Longo: Hopkins deal still has rancid odor to it
Stray National Football League thoughts as I contemplate whether or not Jarrett Stidham has the next 19 years covered at Patriot Place.
Seriously, any fantasy football commissioner worth his salt would have rejected the recent Deandre Hopkins deal from Houston to Arizona as some sort of collusion.
Let me get this straight. Bill O’Brien gives away a top three receiver in the game for just a second-round pick AND takes back $11 million in basically dead money (washed up RB David Johnson)?
O’Brien has to be a Cardinals’ stock-holder. It’s the only explanation.

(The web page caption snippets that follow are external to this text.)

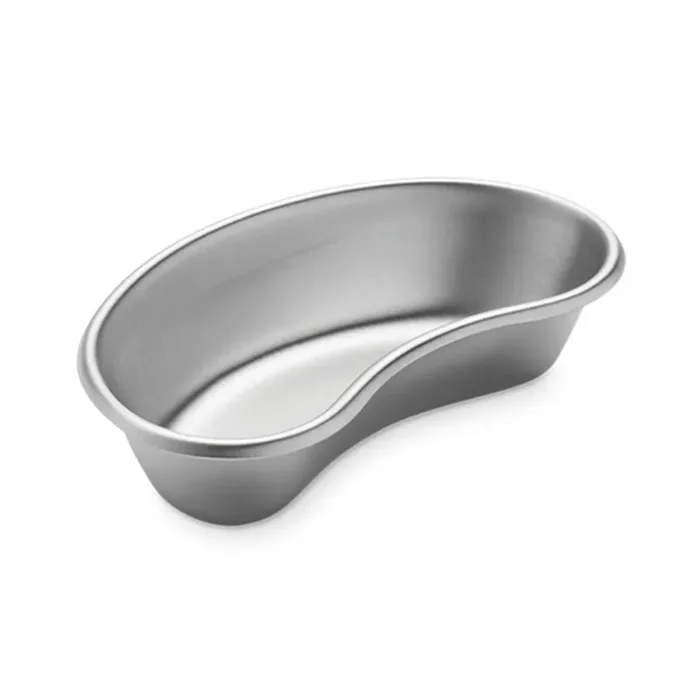 Key Surgical Emesis Basin – 50oz – PW-12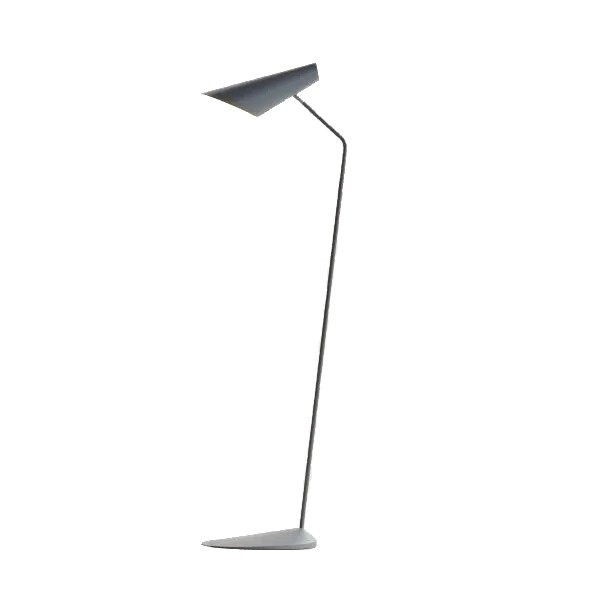 Vibia - I.Cono 0712 vloerlamp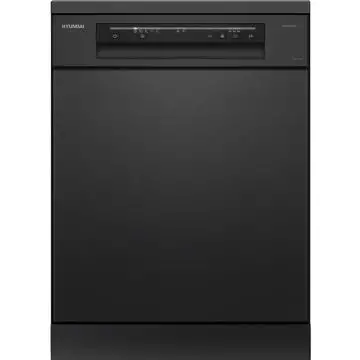 Hyundai LMHN-12F2U1 lavastoviglie Libera installazione 12 coperti E , 134642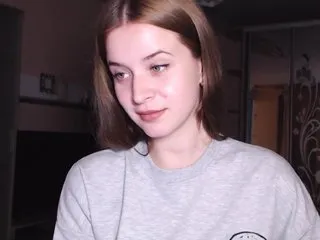 Live sex webcam photo for ChattyLady #184260200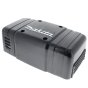 Motor Housing Cover for Makita HM1800, HM1810 Hammer Drills - 419324-7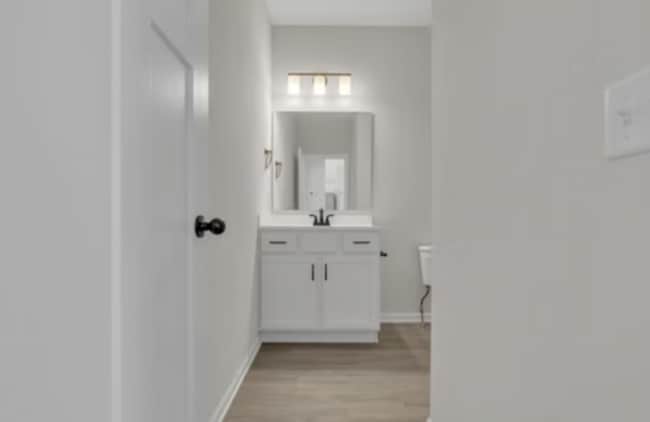 Photo - “Discover the Exciting New Developments: Deerfield Duplexes and Townhouses Arriving in 2026!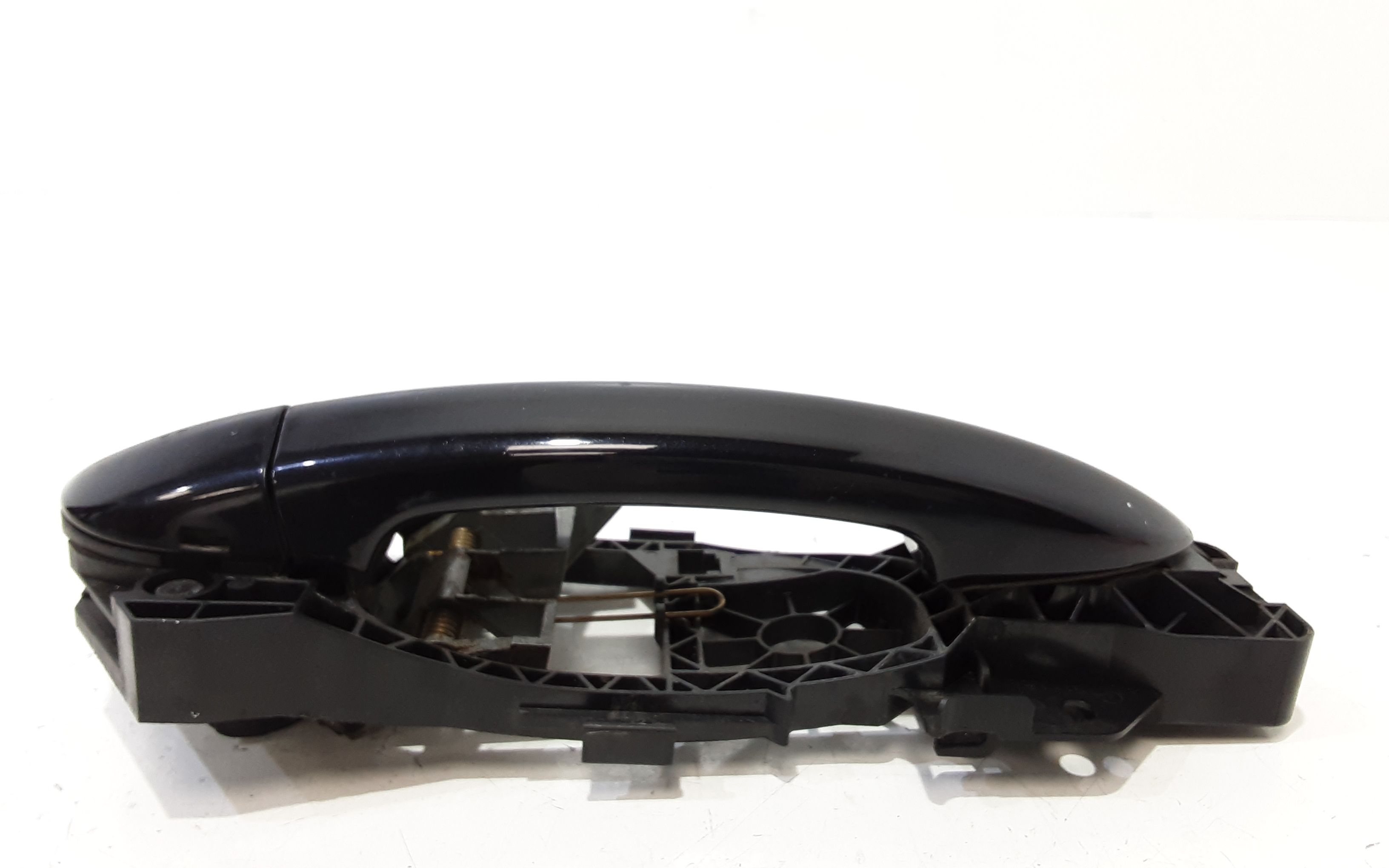 Maniglia esterna Posteriore Destra VOLKSWAGEN Passat Variant 4 Serie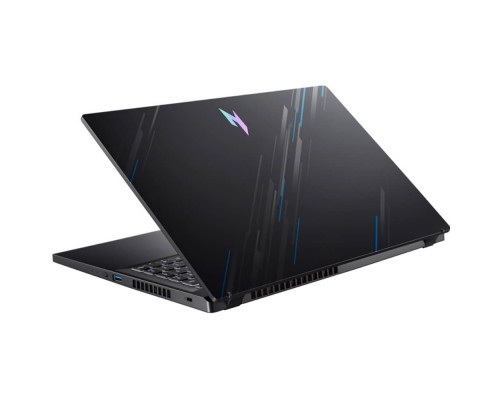 Ноутбук Acer Nitro V 15 ANV15-51-593U NH.QNBER.003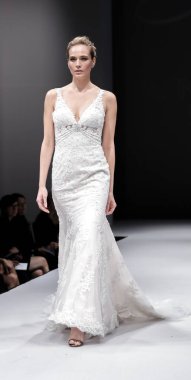 Leydim bahar 2017 arifesinde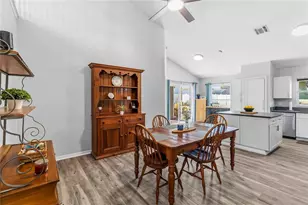 4250 Andover Cay Blvd, Orlando, FL 32825 - Photo 20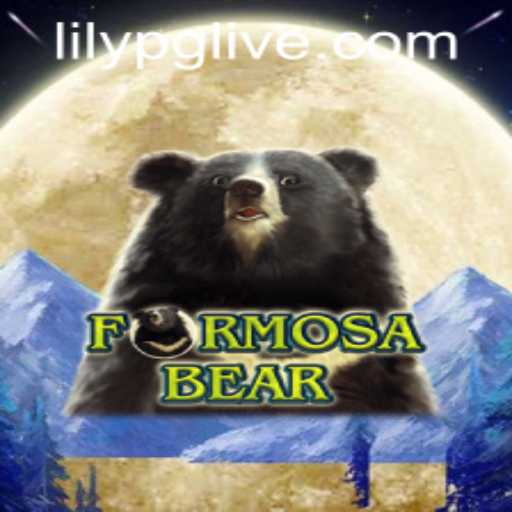 Exploring FormosaBear: A Captivating New Gaming Experience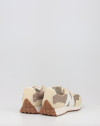 Zapatillas New Balance GS327MT Beig Zapatillas New Balance GS327MT Beig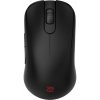 BenQ ZOWIE S2-DW BenQ ZOWIE S2-DW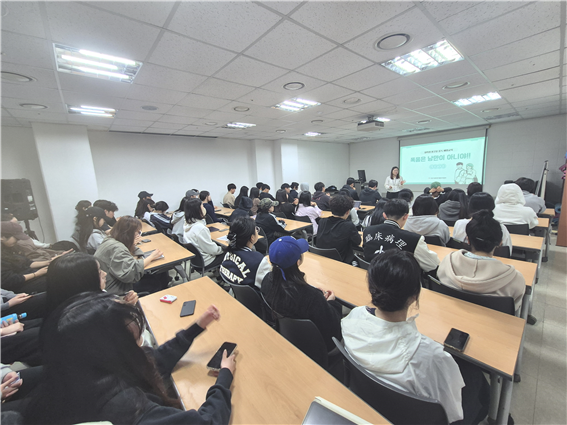 140_260512 안산대학교 예지관, 알코올 및 도박 중독 예방 교육 실시.png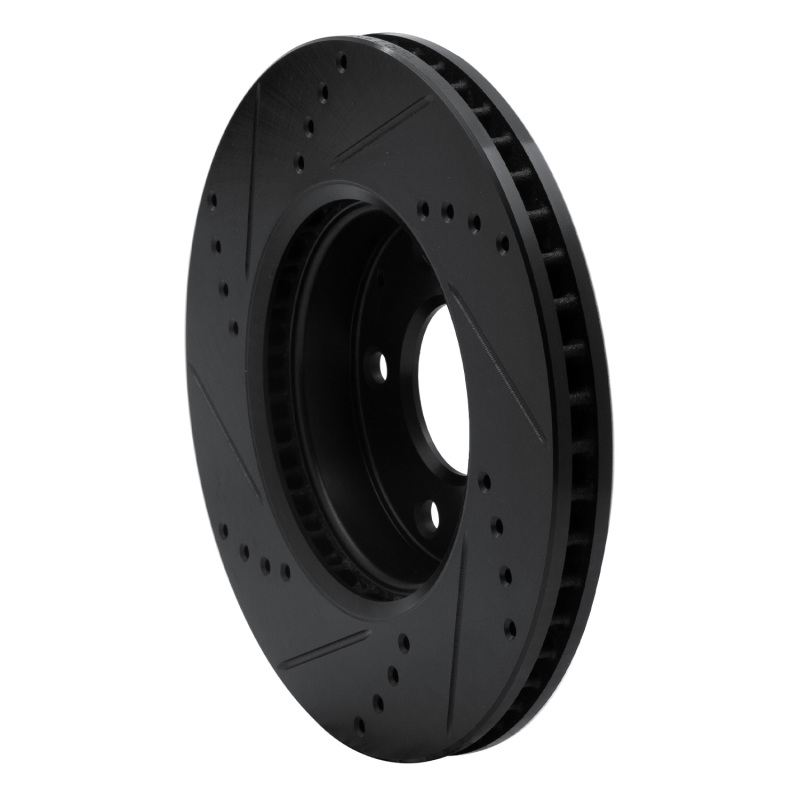 R1 Concepts ECB-80053R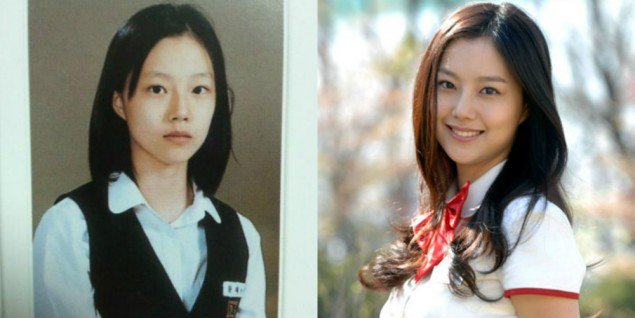 kpop berseragam  http://www.allkpop.com/ kpop berseragam  http://www.allkpop.com/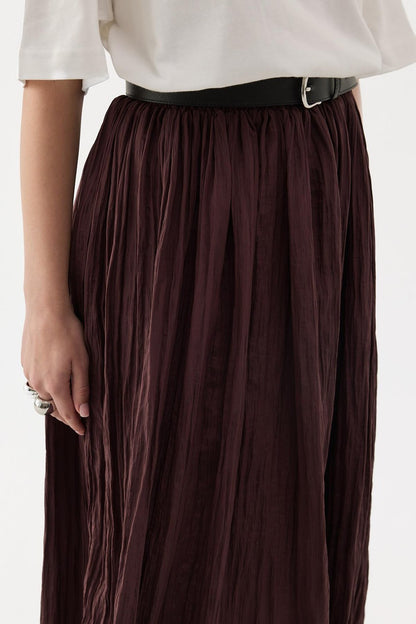 Renee Etek Olive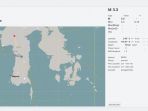 gempa-bumi-33-sr-terjadi-di-tana-toraja_20181003_133137.jpg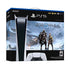 https://doto.vteximg.com.br/arquivos/ids/251705/sony-ps5-digital-god-of-war-ragnarok-dotomexico-vista-caja.jpg?v=638047334306770000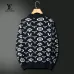 13Louis Vuitton Sweaters for Men #A45896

Mark my words. This one is a lock. Your Patriots are about to lodge an illegal tampering charge on the Tampa Bay Bucs for the recruitment of Tom Brady. This one could get ugly.
I hear players complain all the time about the franchise tag in the NFL. Then I see things like Dak Prescott yanking down $33 million and Joe Thuney grabbing $14.781 million, both guaranteed under the tag, for one year. So you are telling me that Thuney will scoop 17 game checks for $870k and Dak will draw 17 direct deposits of $1.94 million, win or lose, play great or play awful, heck, even if they don’t play at all?
Sorry, no complaints on that one.
I consider Mike Vrabel one of the top five Patriots of the dynasty, Amazing guy. Athlete. Intelligent. Classy. I expect he will be a top-tier head coach as long as he chooses to in the NFL.
What is the Tennessee Titans’ boss thinking? He just handed Ryan 62 guaranteed million bucks in his recently signed four-year, $118 million extension.
I would love to see Tannehill and Vrabel prove me wrong. I respect Mike that much. Forget it. This is a deal that is destined for combustion. Not going to be pretty.
And finally, TB12’s move to Tampa has everyone in the mood to reminisce.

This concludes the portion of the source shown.